Crossgrain No.3 - Nothing in It Is Wrong
Is there something everyone in your industry repeats that you've never quite been able to put down? Have you ever caught it before someone pointed it out?
Usually we learn the answer first, and then feel we had known it all along. The problem is how natural that illusion feels.
Power and charisma don't arrive because you studied late in life. Intellect compounds. But if you mistake the direction of the compounding, decay compounds too. Lean on other people's interpretations long enough and your own circuitry goes dull.
Age into that without noticing, and you end up with more responsibility and someone else's head.
It was a dinner.

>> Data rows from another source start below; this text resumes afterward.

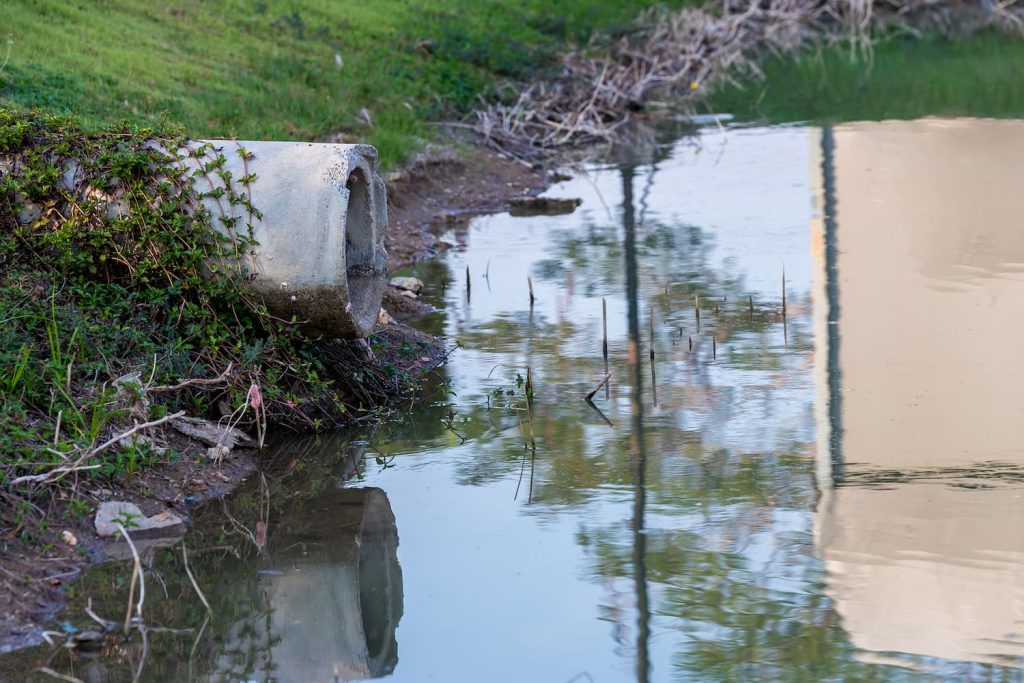 how storm drains pollute HOA lakes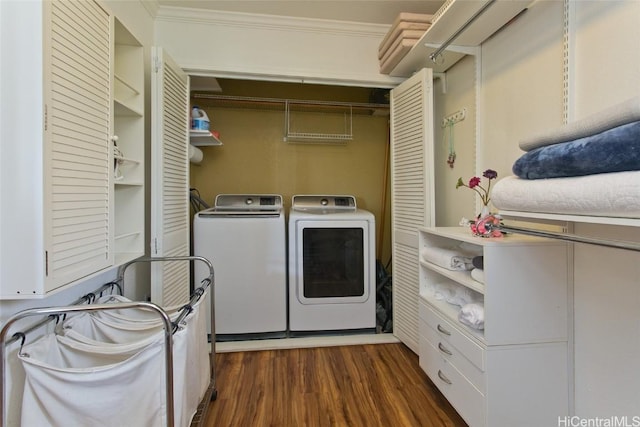 clothes washing area with ornamental molding, dark hardwood / wood-style flooring, and washing machine and dryer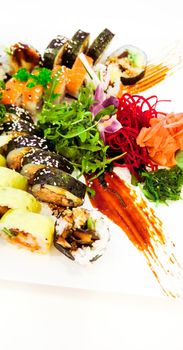 Food, travel and healthy eating concept - Japanese sushi in a restaurant at lunch time, asian cuisine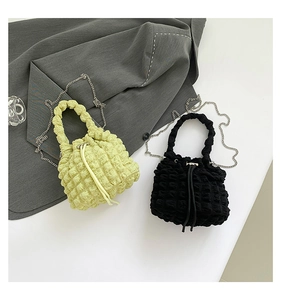 Detail view of mini bubble pleated cloud bags in lime and black with chain straps
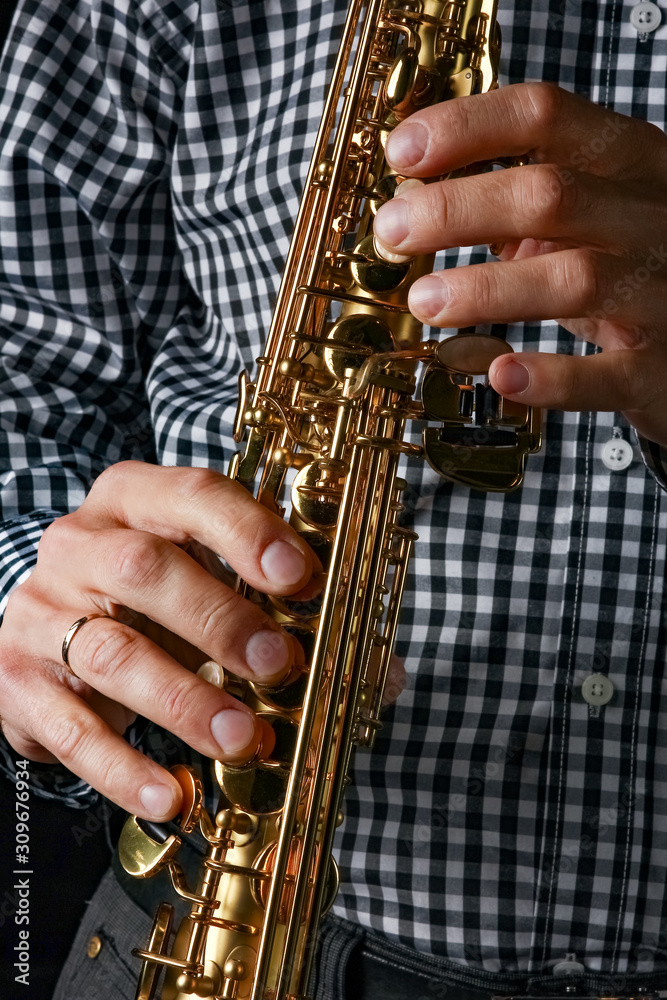 Fototapeta premium soprano saxophone in hands on a black background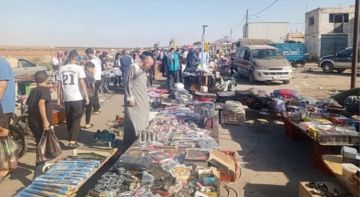 سوق الجمعة .. سوق شعبي أم خطر مفتوح على الطريق الدولي ؟ سوق الجمعة .. سوق شعبي أم خطر مفتوح على الطريق الدولي ؟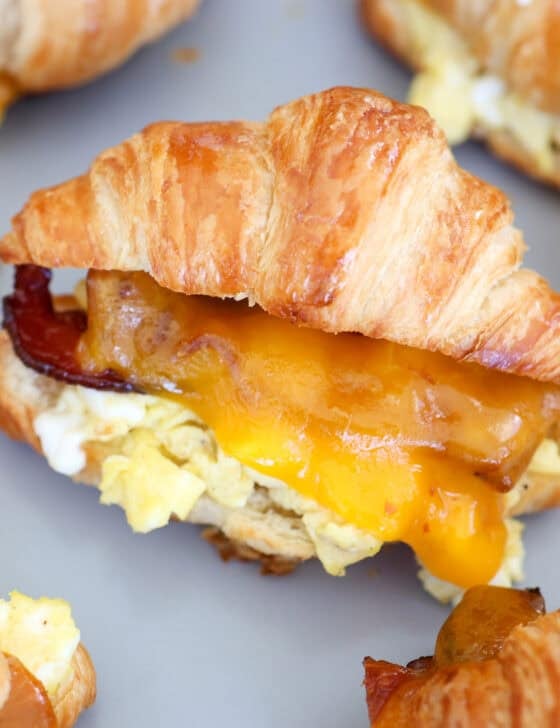 A baking sheet straight from the oven with croissant breakfast sandwiches.
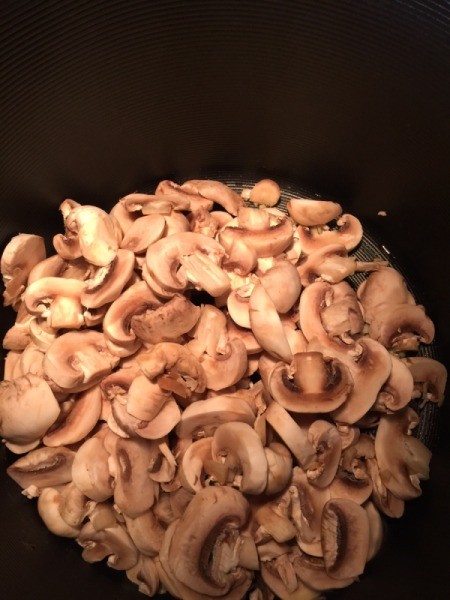 sliced mushrooms in pan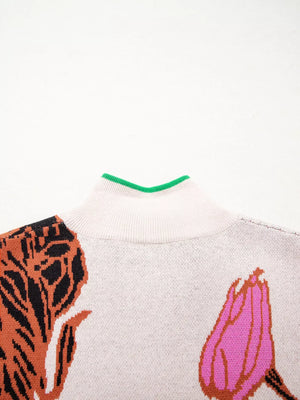 Knit quarter zip sweater with floral pattern and green trim neckline.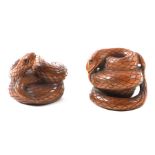 A pair of Japanese carved wooden netsukes in the form of coiled snakes, 3.5cms high (2).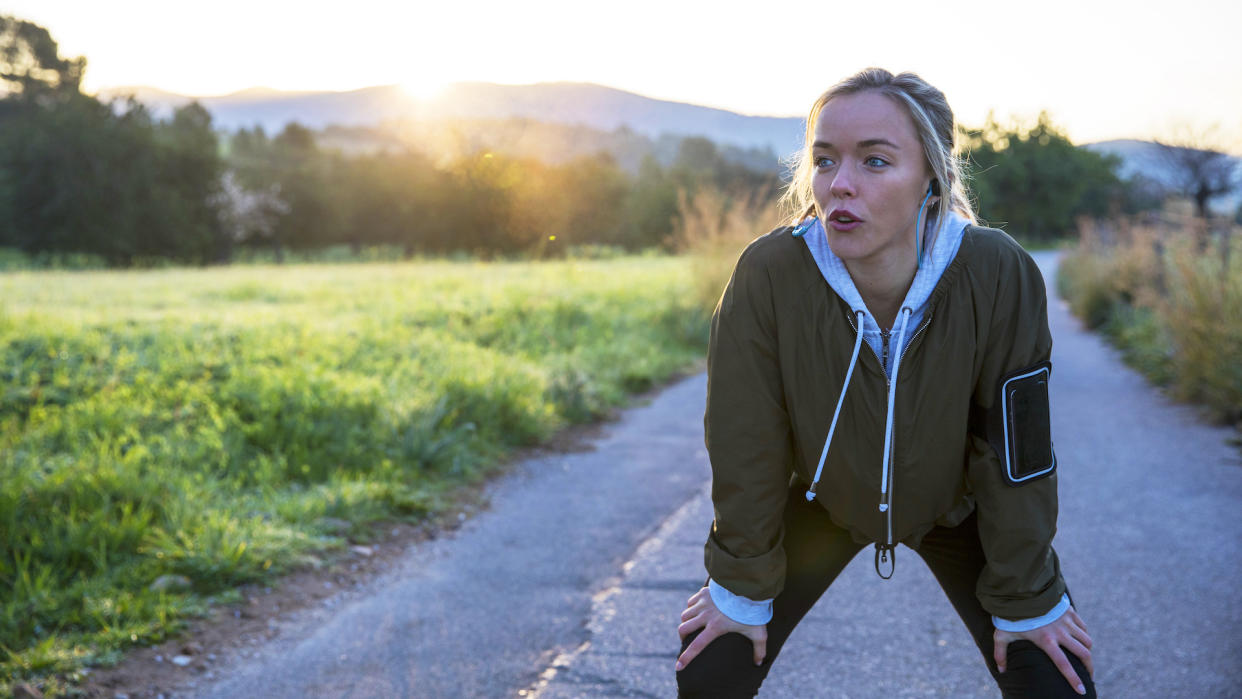  Young woman outdoors, taking a break from exercising, hands on knees. 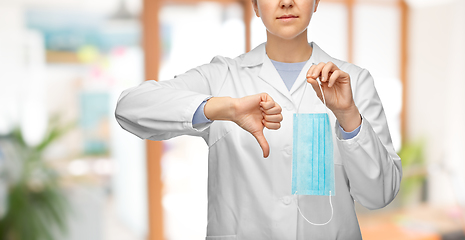 Image showing female doctor with mask showing thumbs down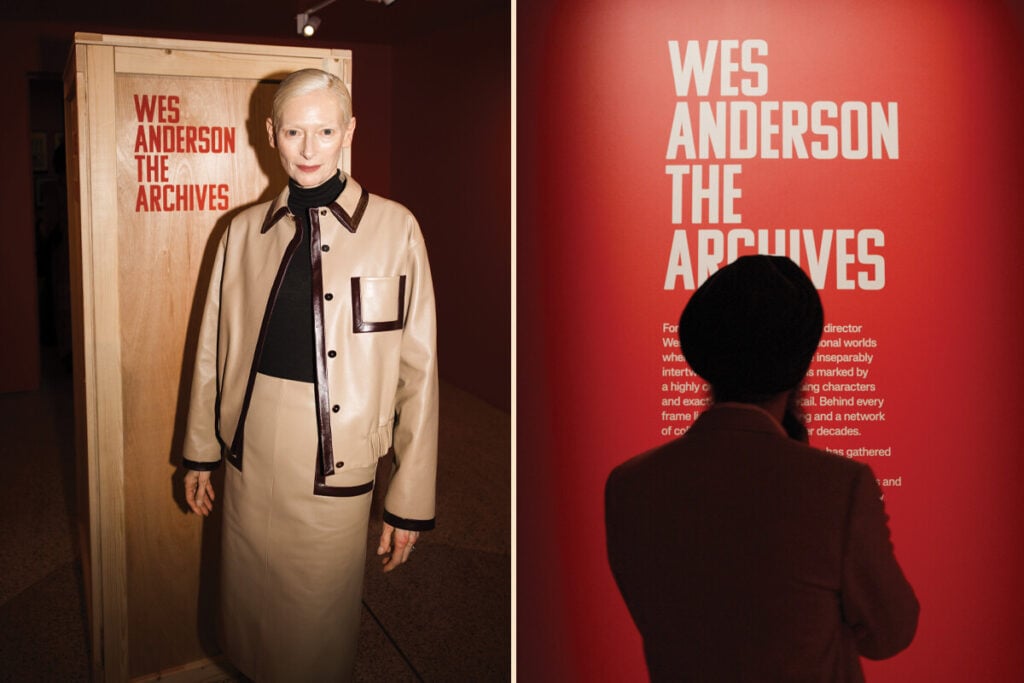 Duas fotografias lado a lado numa exposi&ccedil;&atilde;o: uma pessoa em frente a um painel de madeira com o t&iacute;tulo &ldquo;Wes Anderson: The Archives&rdquo; e outra pessoa a observar um painel vermelho com o mesmo t&iacute;tulo.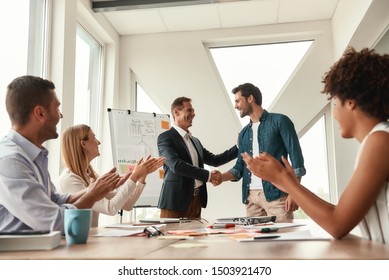 Welcome to our team Two cheerful colleagues shaking hands and smiling while having a meeting in the modern office - Shutterstock ID 1503921470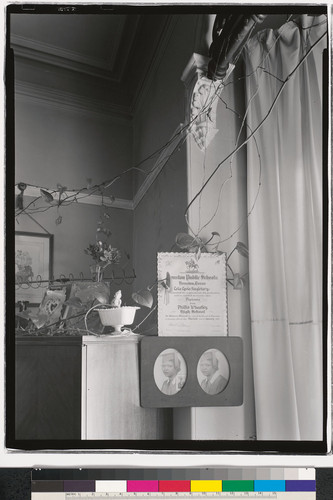 [Home interior with diploma and graduation photographs, Oakland, California.]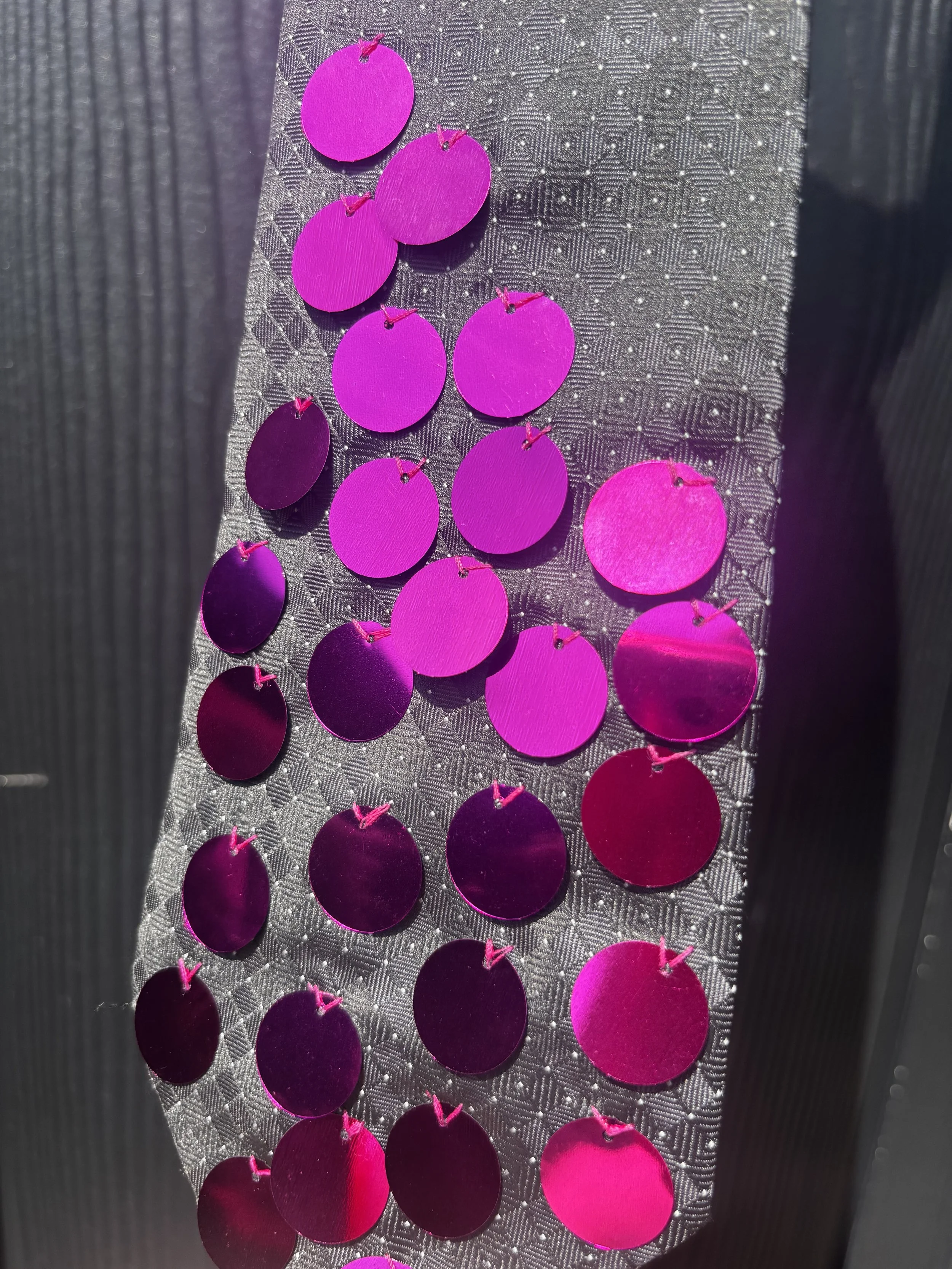 Close-up of bright pink circular sequins attached to a textured gray fabric surface.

The résumés around the table were impressive.
The topic was US Treasuries. They said China was dumping US Treasuries at scale. Ray Dalio's debt-cycle framework was cited. Taleb's tail risk made an appearance. A recent forty-page paper was produced as evidence. And for three hours, the same conclusion kept arriving: American debt is too large, China is exiting, the dollar's credibility is cracking.
I asked one question.
"That trillion dollars. Who bought it?"
I had inflated the number on purpose. Nobody corrected it.
If the house is on fire — if the dollar is collapsing — who is buying bonds denominated in a collapsing currency? If you believed America's future was dark, you would have no reason to buy. If someone is buying, the burning-house premise is wrong. Or the house is burning and there is a separate reason to buy at that price. Either way, "China sold, therefore America—" is not thinking. It's transcription.
For three hours, no one asked it. They analyzed the selling side and never once looked across the table. A trade is not just a sale. It means someone bought. Analyzing one side of a transaction isn't analysis. It's dictation.
It seems... Unless someone says look here, the field of vision doesn't open in that direction. After the fact, anyone can gather the data and explain. But at the time, the question didn't exist. Not avoided — the circuit that would have produced it was closed.
There was a scene that frightened me more.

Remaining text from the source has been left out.